### Instructions for the task
Could you repeat the records shown below exactly as written?

### Extracted material
+---+

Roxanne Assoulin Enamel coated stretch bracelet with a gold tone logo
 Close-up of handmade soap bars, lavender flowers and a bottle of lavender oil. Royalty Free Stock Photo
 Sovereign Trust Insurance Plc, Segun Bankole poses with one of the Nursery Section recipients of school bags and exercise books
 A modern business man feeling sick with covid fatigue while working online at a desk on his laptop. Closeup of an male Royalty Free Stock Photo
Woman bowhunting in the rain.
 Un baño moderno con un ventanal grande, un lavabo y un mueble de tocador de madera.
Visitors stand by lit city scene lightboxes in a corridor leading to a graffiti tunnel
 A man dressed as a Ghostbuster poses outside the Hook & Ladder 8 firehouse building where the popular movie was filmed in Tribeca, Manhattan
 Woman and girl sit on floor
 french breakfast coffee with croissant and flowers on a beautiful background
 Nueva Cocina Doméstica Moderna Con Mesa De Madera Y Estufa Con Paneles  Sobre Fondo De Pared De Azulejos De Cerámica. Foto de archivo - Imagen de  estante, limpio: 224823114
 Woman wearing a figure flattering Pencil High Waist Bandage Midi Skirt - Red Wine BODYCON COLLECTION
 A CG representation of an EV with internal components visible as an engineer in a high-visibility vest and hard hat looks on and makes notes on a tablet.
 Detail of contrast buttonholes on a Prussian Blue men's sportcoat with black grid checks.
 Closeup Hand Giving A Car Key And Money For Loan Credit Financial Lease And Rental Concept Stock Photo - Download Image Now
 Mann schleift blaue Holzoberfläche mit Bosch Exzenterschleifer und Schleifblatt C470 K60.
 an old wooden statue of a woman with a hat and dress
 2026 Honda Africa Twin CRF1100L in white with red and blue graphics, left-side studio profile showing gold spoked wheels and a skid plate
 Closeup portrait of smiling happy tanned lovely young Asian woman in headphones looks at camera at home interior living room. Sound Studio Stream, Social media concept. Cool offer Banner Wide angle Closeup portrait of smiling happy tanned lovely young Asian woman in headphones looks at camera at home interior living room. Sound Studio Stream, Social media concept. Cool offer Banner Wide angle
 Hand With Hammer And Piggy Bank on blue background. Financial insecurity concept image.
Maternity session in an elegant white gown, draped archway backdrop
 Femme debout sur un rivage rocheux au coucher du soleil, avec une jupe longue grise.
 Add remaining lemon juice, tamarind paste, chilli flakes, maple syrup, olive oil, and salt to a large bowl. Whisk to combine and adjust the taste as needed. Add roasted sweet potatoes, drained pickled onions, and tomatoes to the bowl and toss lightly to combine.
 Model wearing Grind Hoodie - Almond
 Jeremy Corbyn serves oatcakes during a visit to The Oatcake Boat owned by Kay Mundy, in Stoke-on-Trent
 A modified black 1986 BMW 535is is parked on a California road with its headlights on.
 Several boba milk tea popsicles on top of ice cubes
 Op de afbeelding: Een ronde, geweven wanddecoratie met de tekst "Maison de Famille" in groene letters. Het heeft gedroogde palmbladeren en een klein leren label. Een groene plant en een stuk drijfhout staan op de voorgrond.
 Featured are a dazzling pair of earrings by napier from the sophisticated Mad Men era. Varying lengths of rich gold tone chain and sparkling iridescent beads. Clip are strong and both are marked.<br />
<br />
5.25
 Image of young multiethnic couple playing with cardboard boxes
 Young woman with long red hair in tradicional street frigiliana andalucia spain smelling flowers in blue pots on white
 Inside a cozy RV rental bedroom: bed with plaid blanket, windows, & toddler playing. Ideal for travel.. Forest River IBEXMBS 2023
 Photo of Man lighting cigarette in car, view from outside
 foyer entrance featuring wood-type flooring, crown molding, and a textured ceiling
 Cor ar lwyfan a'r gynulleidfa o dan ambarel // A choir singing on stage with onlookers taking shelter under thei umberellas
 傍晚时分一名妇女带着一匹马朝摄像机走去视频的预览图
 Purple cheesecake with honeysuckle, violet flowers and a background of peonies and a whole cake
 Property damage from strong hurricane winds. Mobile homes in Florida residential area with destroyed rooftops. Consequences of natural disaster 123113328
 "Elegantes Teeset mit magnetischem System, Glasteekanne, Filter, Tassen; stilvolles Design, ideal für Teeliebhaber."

+---+

### Solution to the exercise
Roxanne Assoulin Enamel coated stretch bracelet with a gold tone logo
 Close-up of handmade soap bars, lavender flowers and a bottle of lavender oil. Royalty Free Stock Photo
 Sovereign Trust Insurance Plc, Segun Bankole poses with one of the Nursery Section recipients of school bags and exercise books
 A modern business man feeling sick with covid fatigue while working online at a desk on his laptop. Closeup of an male Royalty Free Stock Photo
Woman bowhunting in the rain.
 Un baño moderno con un ventanal grande, un lavabo y un mueble de tocador de madera.
Visitors stand by lit city scene lightboxes in a corridor leading to a graffiti tunnel
 A man dressed as a Ghostbuster poses outside the Hook & Ladder 8 firehouse building where the popular movie was filmed in Tribeca, Manhattan
 Woman and girl sit on floor
 french breakfast coffee with croissant and flowers on a beautiful background
 Nueva Cocina Doméstica Moderna Con Mesa De Madera Y Estufa Con Paneles  Sobre Fondo De Pared De Azulejos De Cerámica. Foto de archivo - Imagen de  estante, limpio: 224823114
 Woman wearing a figure flattering Pencil High Waist Bandage Midi Skirt - Red Wine BODYCON COLLECTION
 A CG representation of an EV with internal components visible as an engineer in a high-visibility vest and hard hat looks on and makes notes on a tablet.
 Detail of contrast buttonholes on a Prussian Blue men's sportcoat with black grid checks.
 Closeup Hand Giving A Car Key And Money For Loan Credit Financial Lease And Rental Concept Stock Photo - Download Image Now
 Mann schleift blaue Holzoberfläche mit Bosch Exzenterschleifer und Schleifblatt C470 K60.
 an old wooden statue of a woman with a hat and dress
 2026 Honda Africa Twin CRF1100L in white with red and blue graphics, left-side studio profile showing gold spoked wheels and a skid plate
 Closeup portrait of smiling happy tanned lovely young Asian woman in headphones looks at camera at home interior living room. Sound Studio Stream, Social media concept. Cool offer Banner Wide angle Closeup portrait of smiling happy tanned lovely young Asian woman in headphones looks at camera at home interior living room. Sound Studio Stream, Social media concept. Cool offer Banner Wide angle
 Hand With Hammer And Piggy Bank on blue background. Financial insecurity concept image.
Maternity session in an elegant white gown, draped archway backdrop
 Femme debout sur un rivage rocheux au coucher du soleil, avec une jupe longue grise.
 Add remaining lemon juice, tamarind paste, chilli flakes, maple syrup, olive oil, and salt to a large bowl. Whisk to combine and adjust the taste as needed. Add roasted sweet potatoes, drained pickled onions, and tomatoes to the bowl and toss lightly to combine.
 Model wearing Grind Hoodie - Almond
 Jeremy Corbyn serves oatcakes during a visit to The Oatcake Boat owned by Kay Mundy, in Stoke-on-Trent
 A modified black 1986 BMW 535is is parked on a California road with its headlights on.
 Several boba milk tea popsicles on top of ice cubes
 Op de afbeelding: Een ronde, geweven wanddecoratie met de tekst "Maison de Famille" in groene letters. Het heeft gedroogde palmbladeren en een klein leren label. Een groene plant en een stuk drijfhout staan op de voorgrond.
 Featured are a dazzling pair of earrings by napier from the sophisticated Mad Men era. Varying lengths of rich gold tone chain and sparkling iridescent beads. Clip are strong and both are marked.<br />
<br />
5.25
 Image of young multiethnic couple playing with cardboard boxes
 Young woman with long red hair in tradicional street frigiliana andalucia spain smelling flowers in blue pots on white
 Inside a cozy RV rental bedroom: bed with plaid blanket, windows, & toddler playing. Ideal for travel.. Forest River IBEXMBS 2023
 Photo of Man lighting cigarette in car, view from outside
 foyer entrance featuring wood-type flooring, crown molding, and a textured ceiling
 Cor ar lwyfan a'r gynulleidfa o dan ambarel // A choir singing on stage with onlookers taking shelter under thei umberellas
 傍晚时分一名妇女带着一匹马朝摄像机走去视频的预览图
 Purple cheesecake with honeysuckle, violet flowers and a background of peonies and a whole cake
 Property damage from strong hurricane winds. Mobile homes in Florida residential area with destroyed rooftops. Consequences of natural disaster 123113328
 "Elegantes Teeset mit magnetischem System, Glasteekanne, Filter, Tassen; stilvolles Design, ideal für Teeliebhaber."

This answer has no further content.